Images in the data are to be skipped, while every line is restated exactly as written.
• • • • •
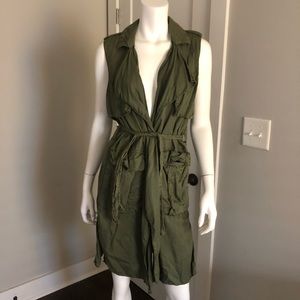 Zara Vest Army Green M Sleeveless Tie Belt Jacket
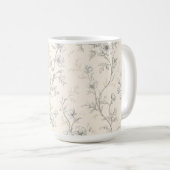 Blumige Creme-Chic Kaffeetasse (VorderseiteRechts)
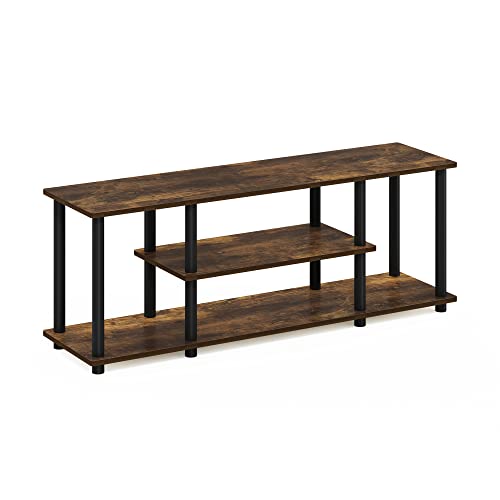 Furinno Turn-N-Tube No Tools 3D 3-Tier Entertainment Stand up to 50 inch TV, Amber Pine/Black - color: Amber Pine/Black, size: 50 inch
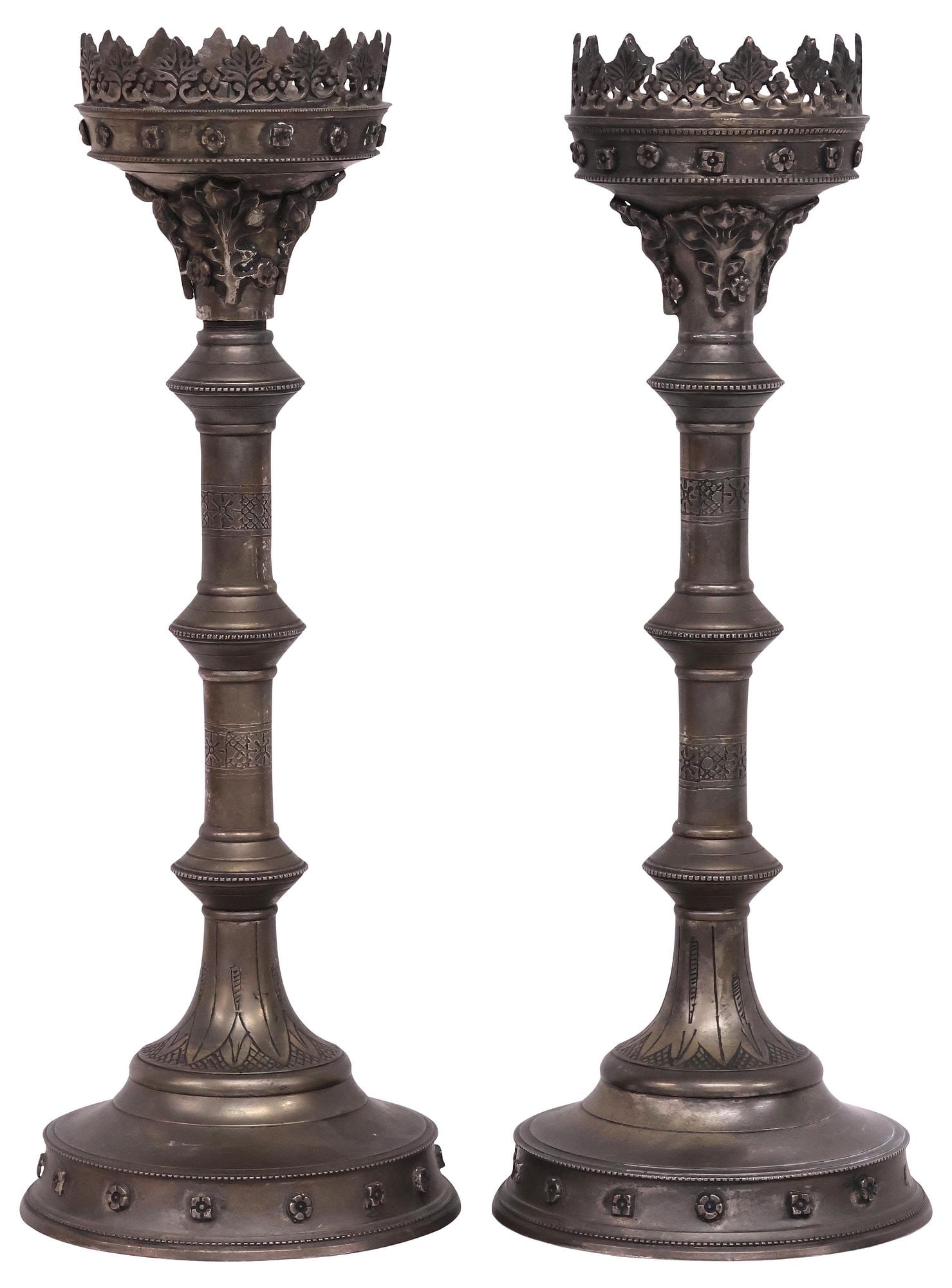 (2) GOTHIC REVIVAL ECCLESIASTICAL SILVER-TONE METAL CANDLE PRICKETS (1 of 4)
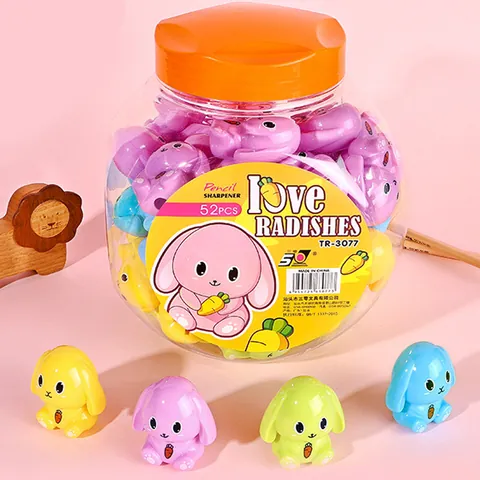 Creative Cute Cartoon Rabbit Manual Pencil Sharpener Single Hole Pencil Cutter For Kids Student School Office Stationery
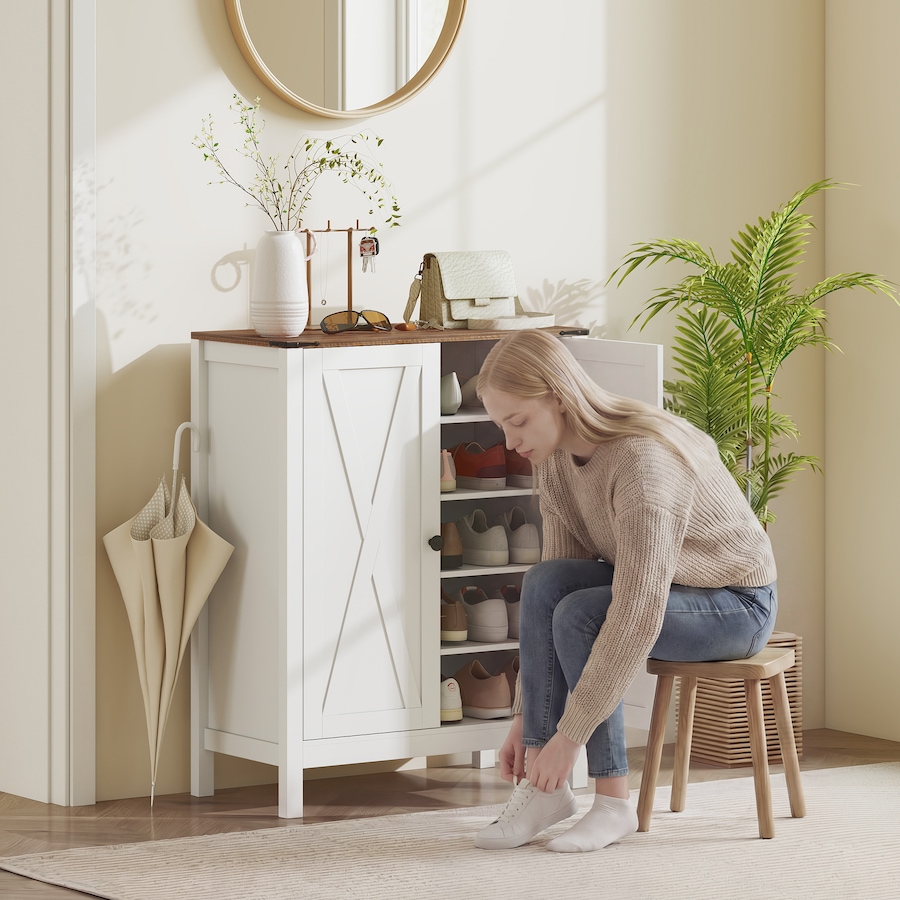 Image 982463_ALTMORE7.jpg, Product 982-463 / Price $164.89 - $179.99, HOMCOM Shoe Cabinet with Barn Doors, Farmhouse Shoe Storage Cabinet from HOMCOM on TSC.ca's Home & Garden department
• • • • •
RESPONSE —
 Zara Vest Army Green M Sleeveless Tie Belt Jacket
 Blumige Creme-Chic Kaffeetasse (VorderseiteRechts)
 Furinno Turn-N-Tube No Tools 3D 3-Tier Entertainment Stand up to 50 inch TV, Amber Pine/Black - color: Amber Pine/Black, size: 50 inch
 (2) GOTHIC REVIVAL ECCLESIASTICAL SILVER-TONE METAL CANDLE PRICKETS (1 of 4)
 Creative Cute Cartoon Rabbit Manual Pencil Sharpener Single Hole Pencil Cutter For Kids Student School Office Stationery
 Image 982463_ALTMORE7.jpg, Product 982-463 / Price $164.89 - $179.99, HOMCOM Shoe Cabinet with Barn Doors, Farmhouse Shoe Storage Cabinet from HOMCOM on TSC.ca's Home & Garden department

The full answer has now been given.